Problem:
Give a verbatim copy of the data, leaving the pictures out.

Dataset content:
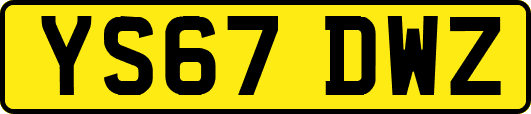 YS67DWZ
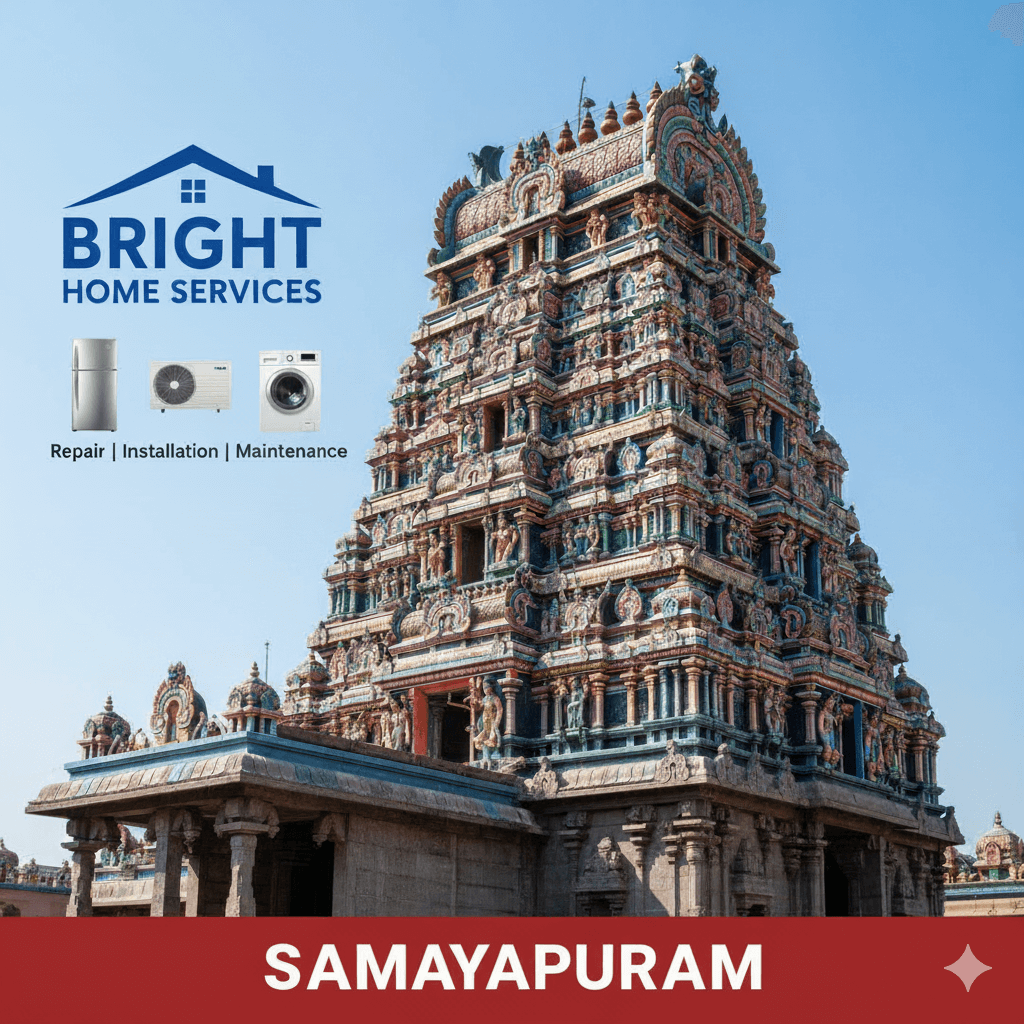 Samayapuram Service
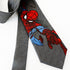 Famous American Anime Character Tie Men's Classcie Necktie...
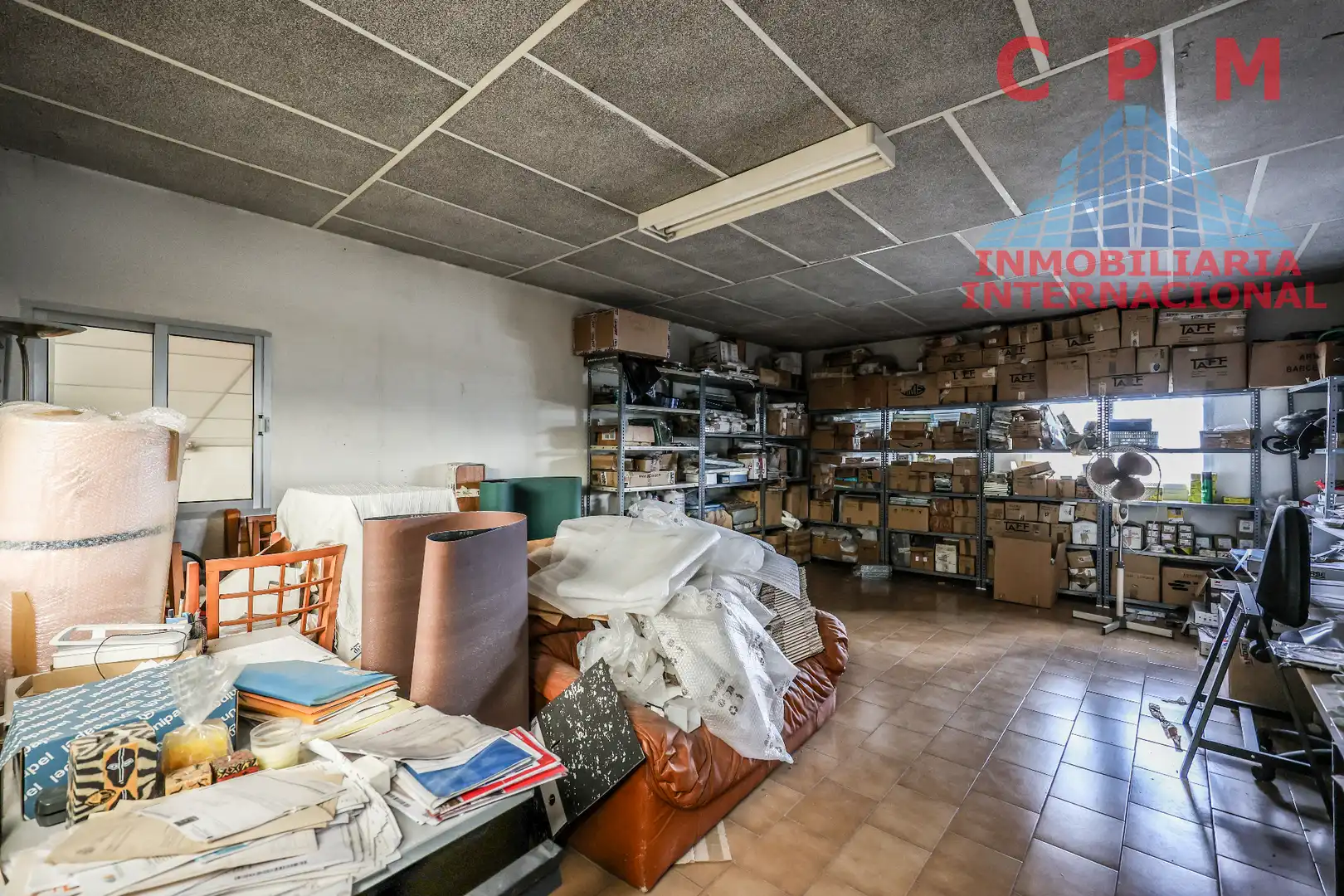 Industrial building for sale in Ajalvir, imagen 20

Response to the exercise:
 YS67DWZ
 Samayapuram Service
 Famous American Anime Character Tie Men's Classcie Necktie...
 Industrial building for sale in Ajalvir, imagen 20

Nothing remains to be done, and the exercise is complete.